▸ **INPUT MATERIAL**
»»

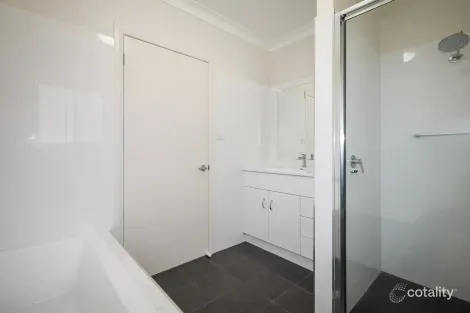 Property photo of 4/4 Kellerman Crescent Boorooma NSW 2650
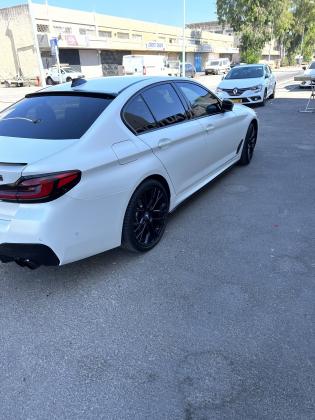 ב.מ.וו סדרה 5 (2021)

««
»»

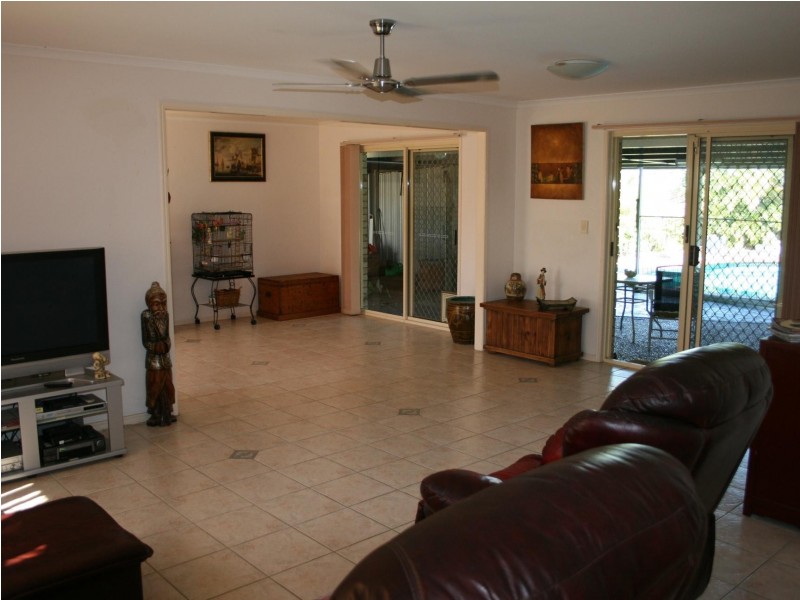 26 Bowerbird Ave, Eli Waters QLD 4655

««
»»

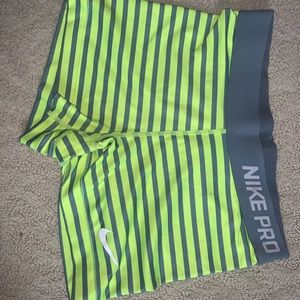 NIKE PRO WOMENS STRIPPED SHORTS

««

▸ **PROBLEM DESCRIPTION**
Taking the entries above, extract every line from the one bearing "Property photo of" through the one bearing "ב.מ.וו סדרה 5 (2021)", exactly, with no pictures.

▸ **ANSWER TO THIS PROBLEM**
 Property photo of 4/4 Kellerman Crescent Boorooma NSW 2650
 ב.מ.וו סדרה 5 (2021)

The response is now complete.